#### Problem to solve:
In the entries below, find the line with "1906D New Balance Black Leather" and print exactly every line from there up to and including the line with "Dịch vụ khắc logo lên hộp đựng namecard", with no other lines.

#### Input data:
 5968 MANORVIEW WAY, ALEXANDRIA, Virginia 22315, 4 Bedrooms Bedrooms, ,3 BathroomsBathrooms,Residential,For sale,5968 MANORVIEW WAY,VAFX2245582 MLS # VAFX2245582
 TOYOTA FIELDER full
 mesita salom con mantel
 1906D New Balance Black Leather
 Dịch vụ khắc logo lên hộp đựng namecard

--

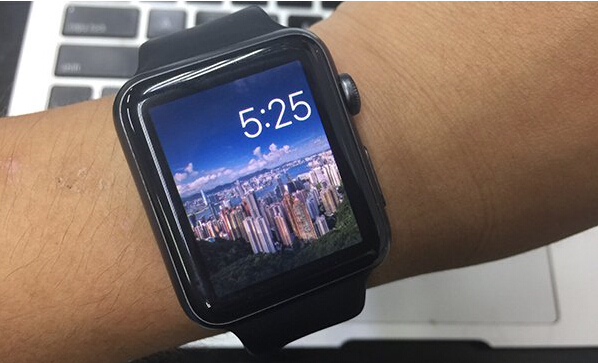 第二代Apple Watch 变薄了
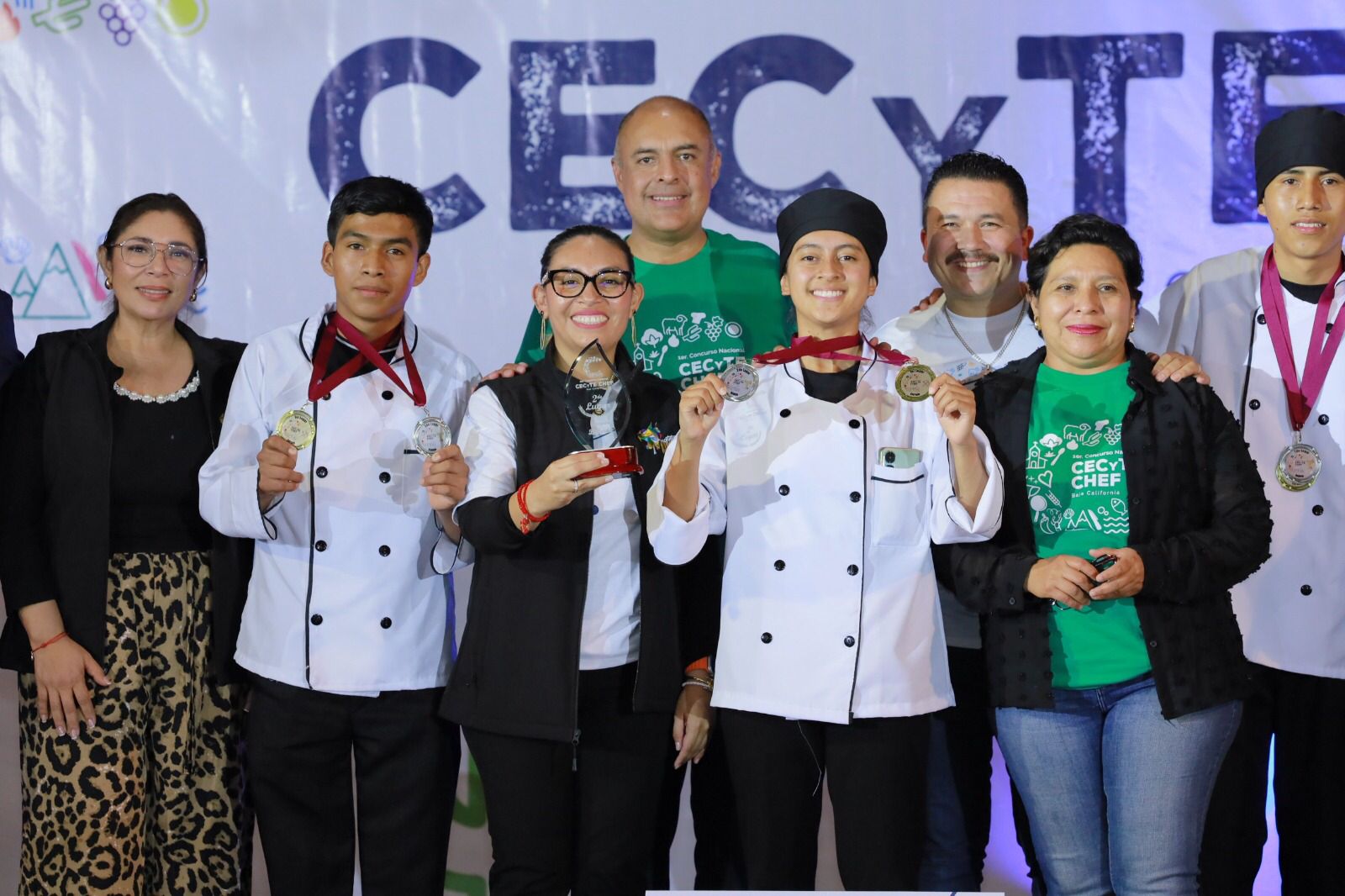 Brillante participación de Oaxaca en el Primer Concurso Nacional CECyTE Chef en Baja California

#### Result of this exercise:
 1906D New Balance Black Leather
 Dịch vụ khắc logo lên hộp đựng namecard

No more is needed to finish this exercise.